On May 14, he embarked on a route that he hopes will inspire others to hop on a bicycle more often.
“Bicycles are underestimated in terms of what can be done with them,” Ardley says. “It’s a exceedingly viable method of transportation that people don’t seem to use because we have this culture of cars. There are a lot of people who don’t do it, not because of any genuine aversion, but because they just haven’t tried or considered it. I’m interested in showing people that you can indeed go really far on a bicycle in not a lot of time.”

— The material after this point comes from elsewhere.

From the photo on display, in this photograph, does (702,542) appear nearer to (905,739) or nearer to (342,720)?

In his case, “really far” is a terrible 30,000 miles, which he plans to do by circling the globe over the course of 10 months. The Santa Cruz inherited left from our seaside town and headed north to traverse Canada and Alaska. The convey will then take him through Russia—where he will face 2,000 straight miles of dirt technique—to Turkey, from Cairo, Egypt to Cape Town, South Africa, up the measure of South and Central America, and, finally, from Miami, Fla. to San Francisco.
Ardley’s no doubt includes a few plane flights and ferry rides when necessary, such as a run away from the United States to Russia, another over the dense Panama jungle, and a crucial flight that allows him to skip over a tumultuous Middle East.
“As my direction stands right now, it is the closest to a circumference of the globe that anyone will have tried to bump off,” says Ardley, later conceding that, “there is no natural database for things people have tried to do.” Still, as far as Google can give away the whole show, Ardley would be the first to complete such a journey.